Representantes de procuradores e fiscais estaduais cobraram, nesta quarta-feira (24), disposição da União para resolver o impasse das perdas de estados com a Lei Kandir (Lei Complementar 87/96).
Para o vice-presidente da Associação Nacional dos Procuradores dos Estados e Distrito Federal (Anape), Telmo Lemos Filho, a revisão da Lei Kandir é uma questão central do federalismo brasileiro.
“Tem de haver uma sensibilização da União para resolver esse problema. E os estados também não podem impor solução com repercussões na macroeconomia”, disse, em audiência promovida pela comissão especial que analisa proposta de mudanças na Lei Kandir (Projeto de Lei Complementar 221/98).
A lei retirou o Imposto de Circulação de Mercadorias e Serviços (ICMS) das exportações de produtos primários e semielaborados. O objetivo foi dar competitividade ao produto brasileiro. A desoneração, no entanto, atingiu em cheio as finanças dos estados e municípios, que recebem 25% do tributo estadual.
Segundo a Anape, quando a Lei Kandir foi promulgada, o percentual repassado aos estados pelas perdas com as desonerações chegou a 92%, mas o índice foi reduzido a 5,4% em 2013 e 10% em 2014, últimos anos com dados disponíveis.
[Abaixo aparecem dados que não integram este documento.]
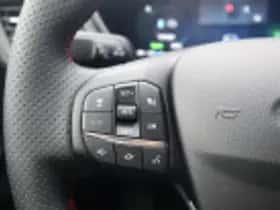 Ford Kuga (2025) thumbnail 80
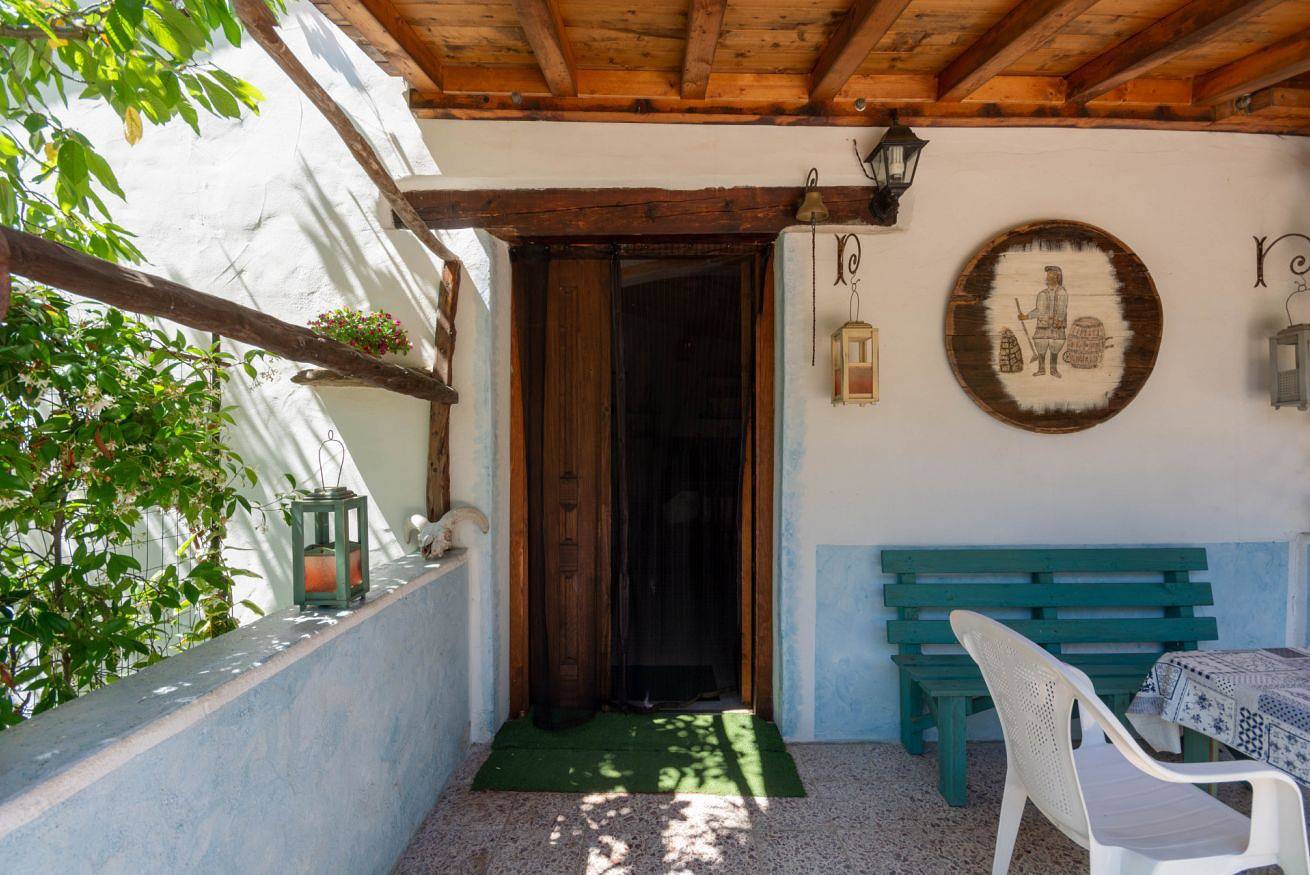 Appartement entier, Villa L'Oliveto dans la nature in Oliena, Barbagia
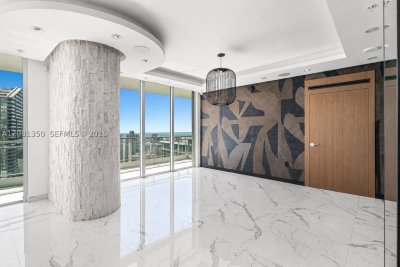 Comprar apartamento en Mint at Riverfront 4003-04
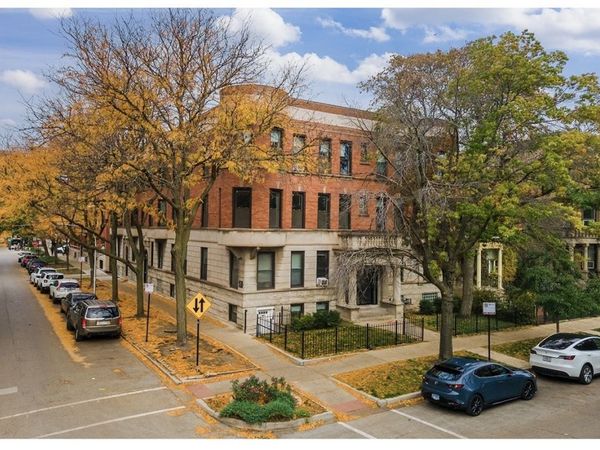 854 W George Street , Unit 1, Chicago, IL 60657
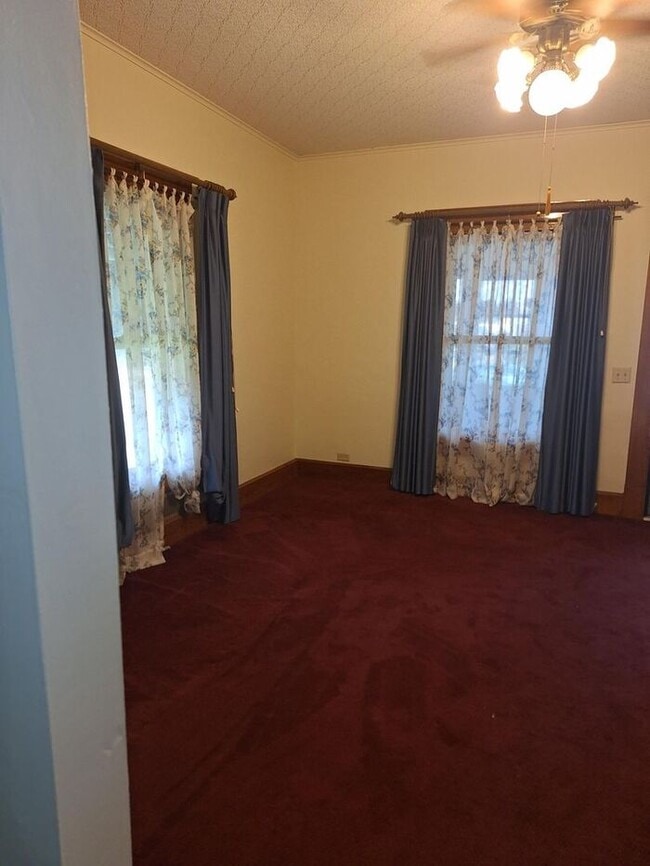 Photo - 1 Bedroom House Near Shopping, Parks and Little League Field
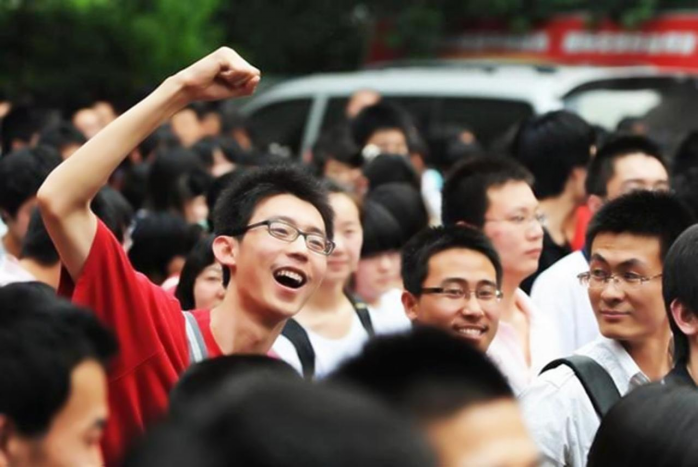 高三老师说，高考分数会比一模分数“高出”30分左右，有何依据？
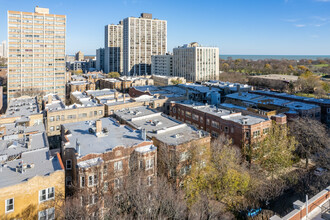 838 W Agatite Ave in Chicago, IL - Foto de edificio - Building Photo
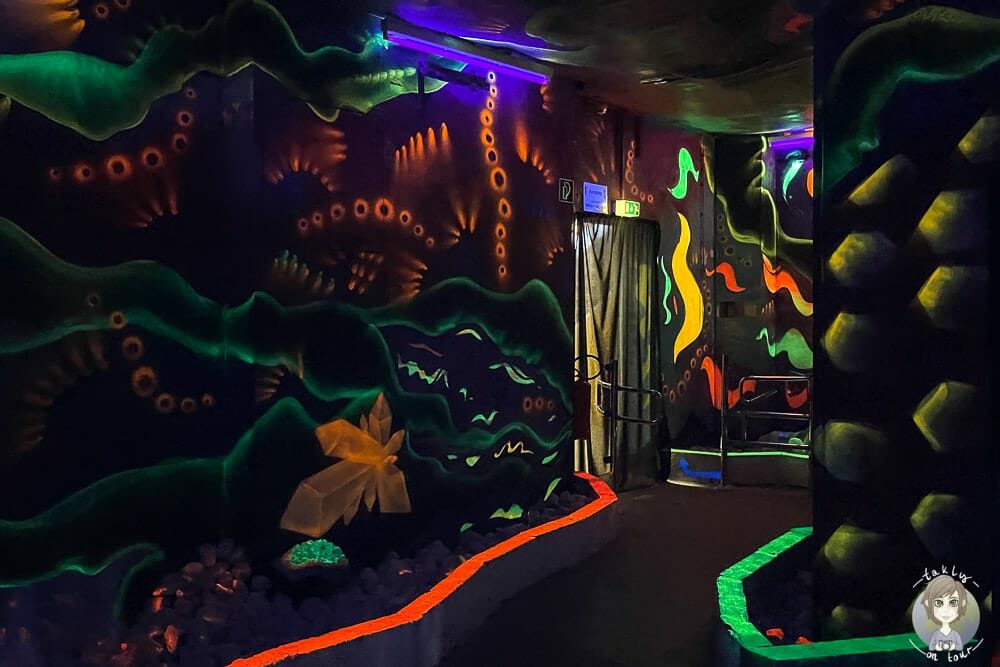 Fluoreszierende Edelstein-Erlebniswelt im EdelSteinLand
A vice-presidente da Federação Brasileira de Associações de Fiscais de Tributos Estaduais (Febrafite), Maria Aparecida Lacerda, espera que deputados de diferentes estados se mobilizem para a recuperação do federalismo. “A maioria dos estados está com a faca no pescoço: um acúmulo de serviços enorme e sem receita.”
A Febrafite quer manter os critérios de partilha definidos pelo Conselho Nacional de Política Fazendária (Confaz) em 2008, que garante compensação maior para estados exportadores. A partir desse critério, Lacerda defende o cálculo das perdas apuradas e a criação de mecanismos para ressarcimento dos valores aos estados.
Calamidade fiscal
Telmo Lemos Filho declarou ainda que há uma ligação direta entre os estados em situação de calamidade fiscal – como Rio de Janeiro, Minas Gerais e Rio Grande do Sul – e os impactos da Lei Kandir. “São estados exportadores, que tiveram uma desoneração significativa por força disso.”
Tanto Lemos como Lacerda criticaram a Lei 159/17, que institui o Regime de Recuperação Fiscal dos Estados e do Distrito Federal. O texto concede uma moratória aos estados superendividados em troca de contrapartidas como a privatização de empresas dos setores financeiro, de energia e de saneamento, por exemplo.
Para Lacerda, a nova lei só adia os problemas dos estados. “Ela tem contrapartidas impossíveis e dispositivos altamente questionáveis”, sustentou.
Impacto municipal
O deputado Jose Stédile (PSB-RS) defendeu a necessidade de dados mais detalhados sobre os impactos da Lei Kandir nas receitas municipais. “Fala-se que os municípios perderam uns R$ 11 bilhões. Assim, unificamos a Nação com prefeitos e governadores apoiando mudanças na legislação.”
As perdas da lei têm impacto nos indicadores sociais e econômicos e gera fragilização de investimentos e políticas públicas, frisou o presidente da comissão especial, deputado Arnaldo Jordy (PPS-PA). “Nosso desafio é estabelecer o regramento de onerações justas aos estados. Mas quem paga a conta?”, questionou.
Histórico
A Lei Kandir isenta de ICMS as exportações de produtos primários e semielaborados. Até 2003, garantiu aos estados o repasse de valores para compensar perdas decorrentes da isenção de ICMS, mas, a partir de 2004, a Lei Complementar 115, embora mantendo o direito de repasse, deixou de fixar o valor. Com isso, os governadores precisam negociar a cada ano com o Executivo o montante a ser repassado, mediante recursos alocados no Orçamento da União.
A Lei Kandir determina ainda que uma lei complementar normatize os repasses para compensar os estados com a perda da arrecadação tributária sobre a exportação de produtos e serviços. Essa norma, no entanto, ainda não foi regulamentada pelo Congresso. Por isso, em novembro passado, o Supremo Tribunal Federal (STF) determinou que o Parlamento aprove, em 12 meses, a lei com essa compensação.